4. The linear polyribonucleotide of any of embodiments 1-3, wherein the 5' self-cleaving ribozyme is a ribozyme selected from the group consisting of: hammerhead ribozymes, hairpin ribozymes, hepatitis Delta Virus (HDV) ribozymes, varkud Satellite (VS) ribozymes, glmS ribozymes, twisted sister ribozymes, ax ribozymes, and pistol ribozymes.
5. The linear polyribonucleotide of embodiment 4, wherein the 5' self-cleaving ribozyme is a hammerhead ribozyme.
6. The linear polyribonucleotide of any of embodiments 1-5, wherein the 5' self-cleaving ribozyme comprises a region that has at least 85% sequence identity with the nucleic acid sequence of SEQ ID No. 1.
7. The linear polyribonucleotide of example 6, wherein the 5' self-cleaving ribozyme comprises the nucleic acid sequence of SEQ ID NO. 2.
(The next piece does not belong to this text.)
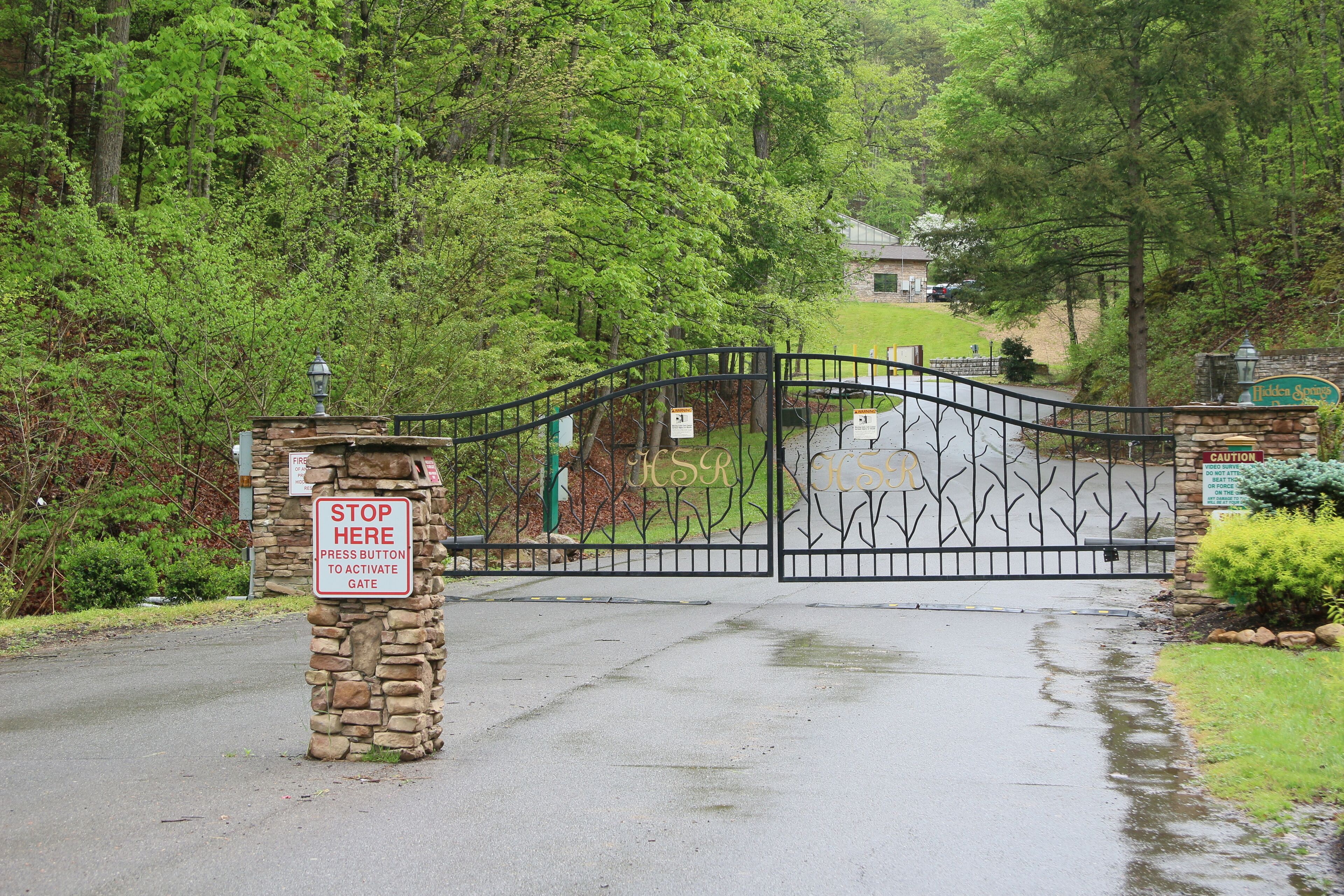 A gated entrance with a stone pillar and a stop button sign.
8. The linear polyribonucleotide of any of embodiments 1-3, wherein the 5' self-cleaving ribozyme comprises a nucleic acid sequence or a catalytically-competent fragment thereof having at least 85% sequence identity with any of SEQ ID NOs 24-571.
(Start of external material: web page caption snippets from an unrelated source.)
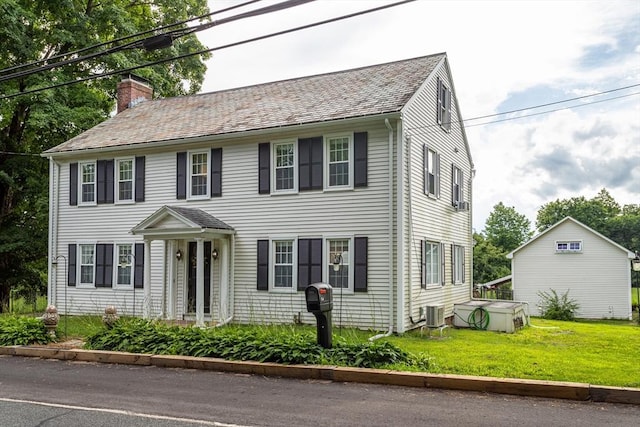 colonial home featuring central AC unit, a chimney, a front yard, and a shingled roof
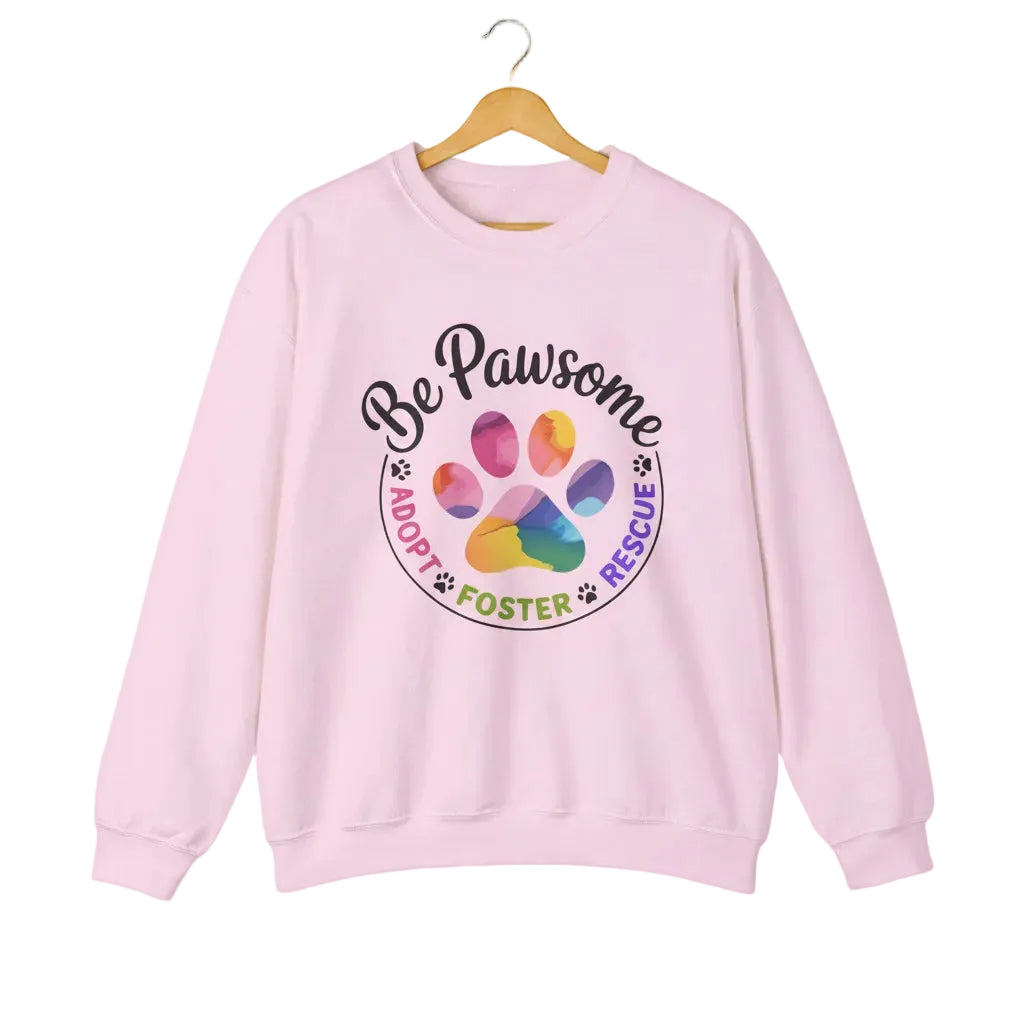 Light pink crewneck sweatshirt featuring a colorful paw print for cat rescue advocates with text 'Be Pawsome Adopt Foster Rescue'.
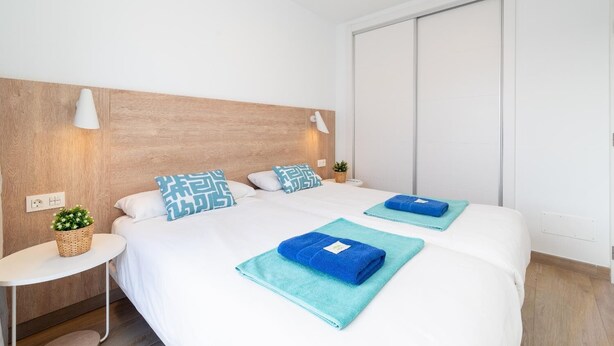 Habitación de hotel con cabecera de madera, dos camas, una mesita de noche con una planta y una lámpara de pared.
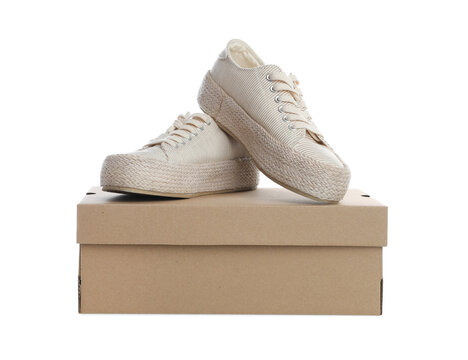 Pair of stylish sport shoes and cardboard box on white background Stock  Photo | Adobe Stock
9. The linear polyribonucleotide of embodiment 8, wherein the 5' self-cleaving ribozyme comprises the nucleic acid sequence of any one of SEQ ID NOs 24-571 or a catalytically active fragment thereof.
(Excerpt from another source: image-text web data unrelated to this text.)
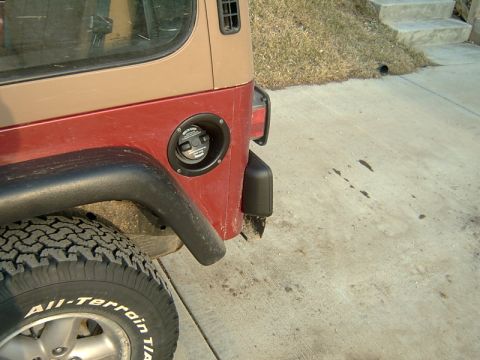 1998 Jeep TJ - Close-up of the rear driver's side of a 1998 Jeep TJ, showing the fuel filler cap and tire.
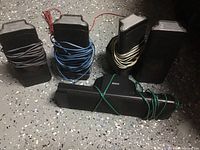 Five RCA speakers displayed, four tall rectangular and one horizontal center speaker, each with distinct attached colored wires.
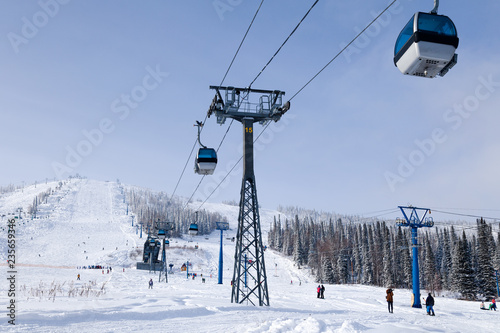 Ski lift, cable car funicular with open cabin on the background of valley, skiers, snowboarders, snow-capped mountains, evergreen trees. Concept Alps resort, Georgia, Sochi, Matterhorn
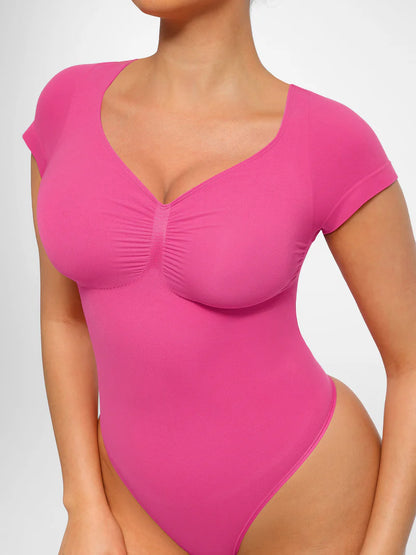 Body modelujące z rękawkiem i stringami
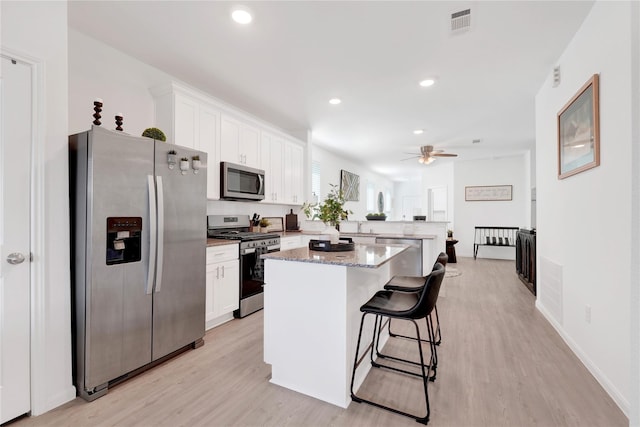23823 Escardilla Ln, Hockley, TX 77447 - kitchen featuring appliances with stainless steel finishes, a peninsula, white cabinets, ceiling fan, and recessed lighting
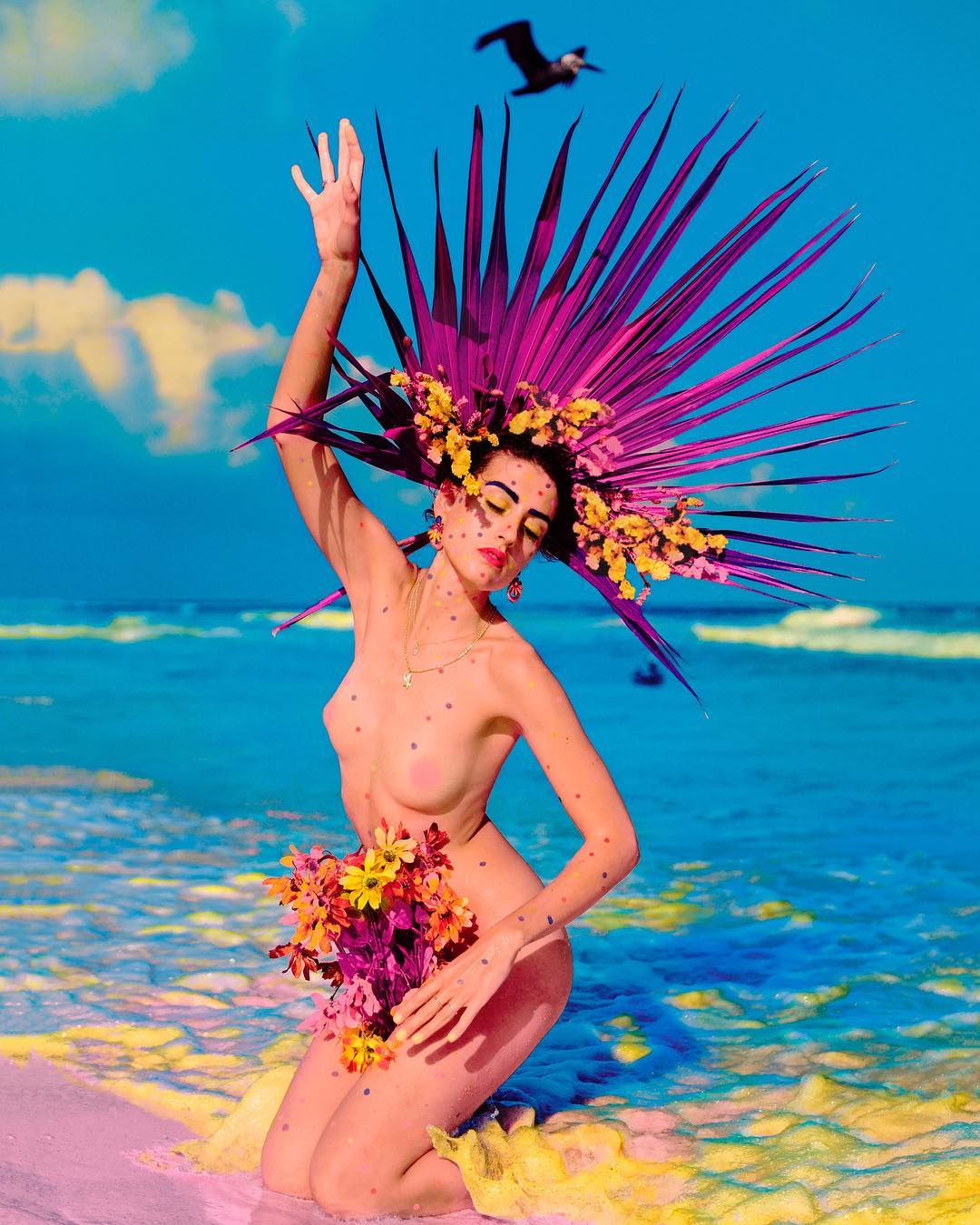 Woman kneeling on a beach with a floral headdress and flower bouquet, with a bird flying overhead, against a blue sky and ocean backdrop.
10. The linear polyribonucleotide of any of embodiments 1-9, wherein the 3' self-cleaving ribozyme is capable of self-cleaving at a site within 10 ribonucleotides of the 5' terminus of the 3' self-cleaving ribozyme or at a site that is 5' of the 3' self-cleaving ribozyme.
11. The linear polyribonucleotide of any of embodiments 1-10, wherein the 3' self-cleaving ribozyme is a ribozyme selected from the group consisting of: hammerhead ribozymes, hairpin ribozymes, hepatitis Delta Virus (HDV) ribozymes, varkud Satellite (VS) ribozymes, glmS ribozymes, twisted sister ribozymes, ax ribozymes, and pistol ribozymes.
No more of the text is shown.